Un jour historique. Des millions de manifestants de toutes origines, de tous bords, de toutes classes sociales ont défilé dans toutes les villes françaises dans le calme, sans heurts, sans mots d'ordre imposés, pour protester contre le terrorisme et pour défendre les valeurs de la République.

Au moins 3,7 millions de personnes recensées officiellement par les préfectures (A Pau, la moitié de la population locale; 140 000 personnes à Bordeaux ! 4 millions en gros), ont manifesté dimanche partout en France pour protester contre l'attaque djihadiste contre la rédaction de Charlie Hebdo. Un Français sur 16 était dans la rue? De mémoire hexagonale, on ne connaît pas une telle manifestation du peuple français. Et si l'on ramenait ces chiffres à l'échelle mondiale, c'est certainement dans l'histoire, l'un des plus grands moments où « le peuple est descendu dans la rue».

Il y a certainement existé en Chine pendant la Révolution culturelle, ou sous l'URSS de Staline, des défilés de rue numériquement plus imposants. Mais il n'est pas certain que les participants y aient été présents de façon très volontaire? «Je suis Charlie» !

Si l'importance et la multiplicité des cortèges a surpris autant les médias que les politiques, tout le monde était d'accord pour caractériser la journée : émotion, unité, calme.

L'émotion était palpable. Les larmes coulaient facilement et, fait rare dans des rassemblements aussi nombreux, le silence régnait le plus souvent, comme s'imposant. L'unité était réelle. L'afflux fut si massif que les partis politiques, les syndicats, les multiples associations qui appelaient à manifester, n'ont jamais réussi tout au moins à Paris, à organiser de véritables cortèges. Du coup, tout le monde manifestait avec tout le monde, tous émus et chacun discutant avec son voisin, sans savoir les inclinaisons politiques de celui-ci.

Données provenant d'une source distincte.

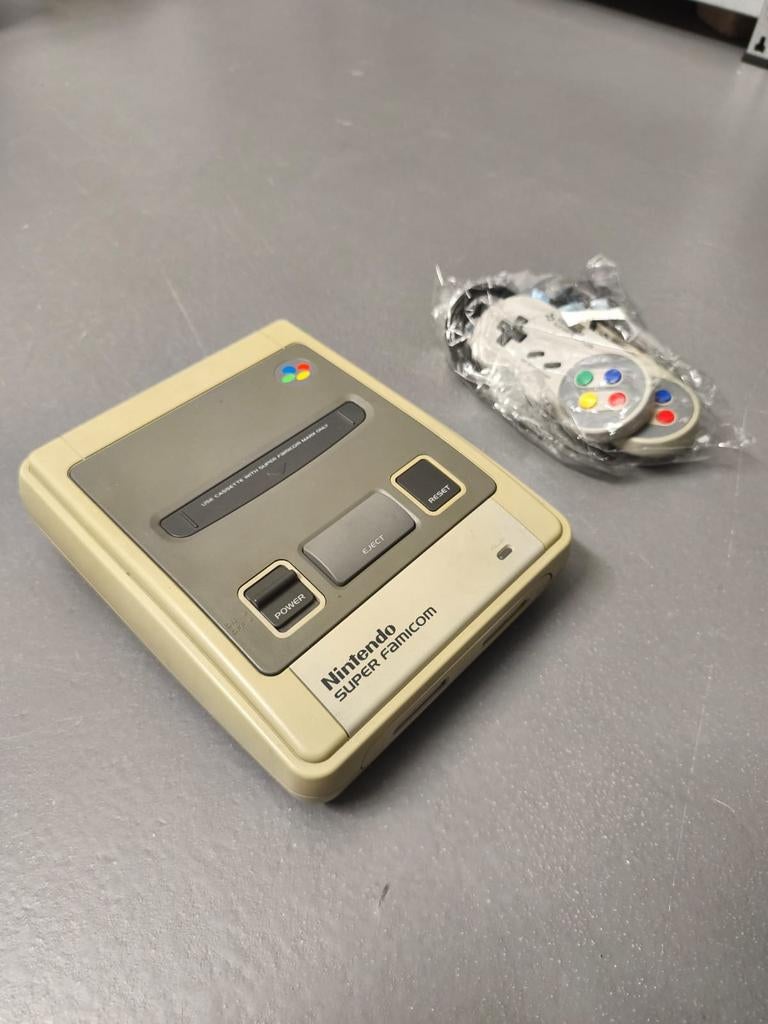 Super Famicom Console - Japanse Import, Spelcomputers en Games, Spelcomputers | Nintendo Super NES, Ophalen of Verzenden, Zo goed als nieuw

Du coup, l'unité était réelle. La République était là et la Marseillaise résonnait souvent. La diversité de la foule surprenait encore, toutes races, toutes classes, toutes confessions, toutes nationalités confondues.

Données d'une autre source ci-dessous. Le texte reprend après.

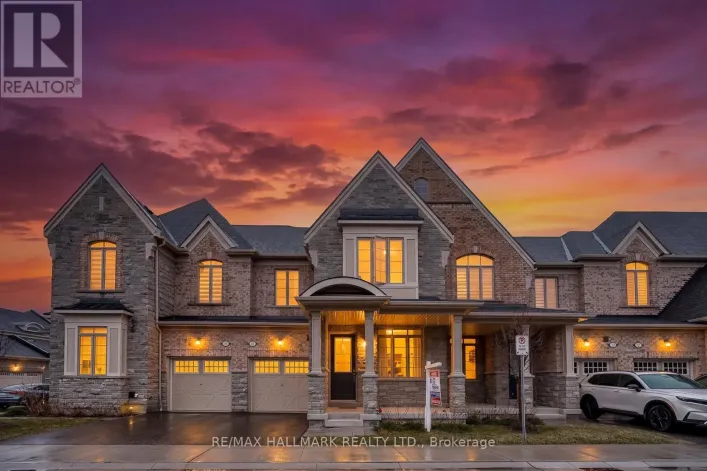 4 HICKLING LANE, Ajax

Enfin, les quelques quatre millions de personnes qui ont manifestées pendant plus de sept heures, dans une centaine de villes, l'ont fait dans un calme absolu. C'est évidemment un acte d'autodiscipline : aucune force de police ne peut contrôler une telle ampleur protestataire. 5500 policiers avaient été mobilisés; et pour la 1ère fois dans une manif, les CRS ont été applaudis !

Les terroristes voulaient faire peur (étymologiquement : la terreur, étymologiquement du sanscrit «tras», trembler).

Et bien, les Français ont montré qu'ils n'en avaient pas peur.

FORTES DELEGATIONS INTERNATIONALES

De très nombreuses manifestations de sympathies ont eu lieu partout dans le monde, notamment dans toute la zone francophone. Mais pas seulement.

En Palestine, à Ramallah, des Palestiniens se sont réunis sous une nuée de drapeaux palestiniens et français ; une banderole proclamait « La Palestine est solidaire de la France contre le terrorisme ». Dans la ville de Gaza, selon l'agence de presse chinoise Xinhua, des dizaines de citoyens de cette ville martyre ont allumé des chandelles devant le centre culturel français, qui, au cours des trois derniers mois, avait été pris pour cible à deux reprises dans des attentats à la bombe.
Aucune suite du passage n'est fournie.